Here is a great response I got from SO:

There is an important difference between the two importance measures:
MeanDecreaseAccuracy is calculated using out of bag (OOB) data,
MeanDecreaseGini is not. For each tree MeanDecreaseAccuracy is calculated
on observations not used to form that particular tree. In contrast,
MeanDecreaseGini is a summary of how impure the leaf nodes of a tree are.
It is calculated using the same data used to fit trees.

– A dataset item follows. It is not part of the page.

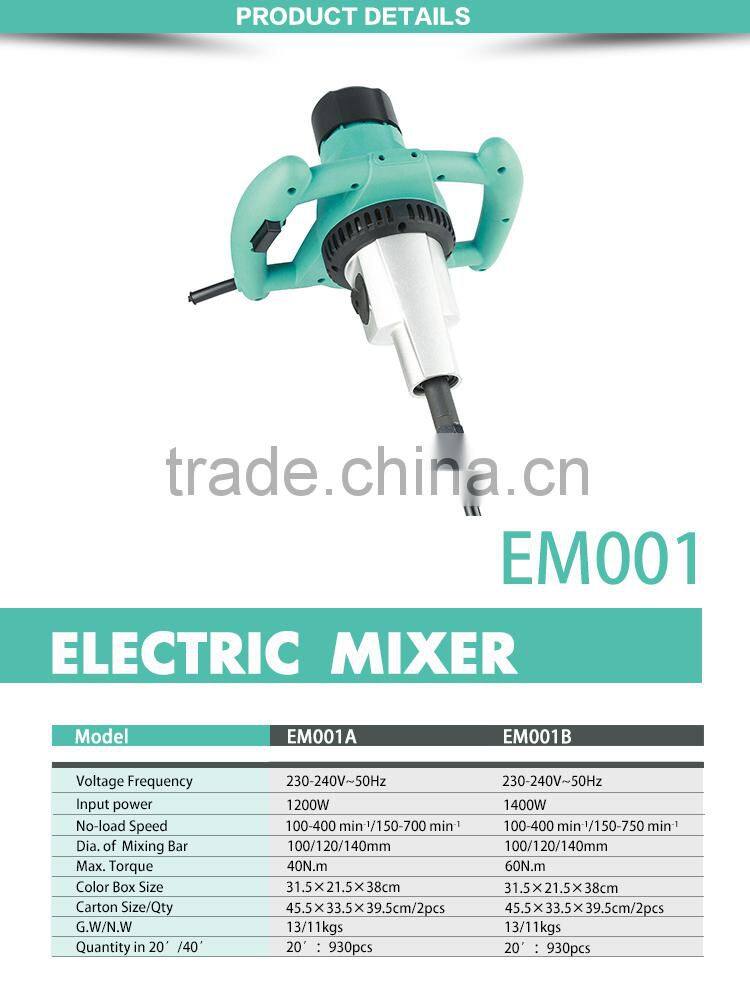high efficiency industrial paint mixer/mannual paint mixer/paint mixer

When you bootstrap data, you are creating multiple copies of the same
observations. Therefore the same observation can be split into two copies,
one to form a tree, and one treated as OOB and used to calculate accuracy
measures. Therefore, data that randomForest thinks is OOB for
MeanDecreaseAccuracy is not necessarily truly OOB in your bootstrap sample,
making the estimate of MeanDecreaseAccuracy overly optimistic in the
bootstrap iterations. Gini index is immune to this, because it is not
relying on evaluating importance on observations different from those used
to fit the data.

I suspect what you are trying to do is use the bootstrap to generate
inference (p-values/confidence intervals) indicating which variables are
"important" in the sense that they are actually predictive of your outcome.
The bootstrap is not appropriate in this context, because Random Forests
expects that OOB data is truly OOB and this is important for building the
forest in the first place. In general, bootstrap is not universally
applicable, and is only useful in cases where it can be shown that the
parameter you're estimating has nice asymptotic properties and is not
sensitive to "ties" in the data. A procedure like Random Forest which
relies on the availability of OOB data is necessarily sensitive to ties.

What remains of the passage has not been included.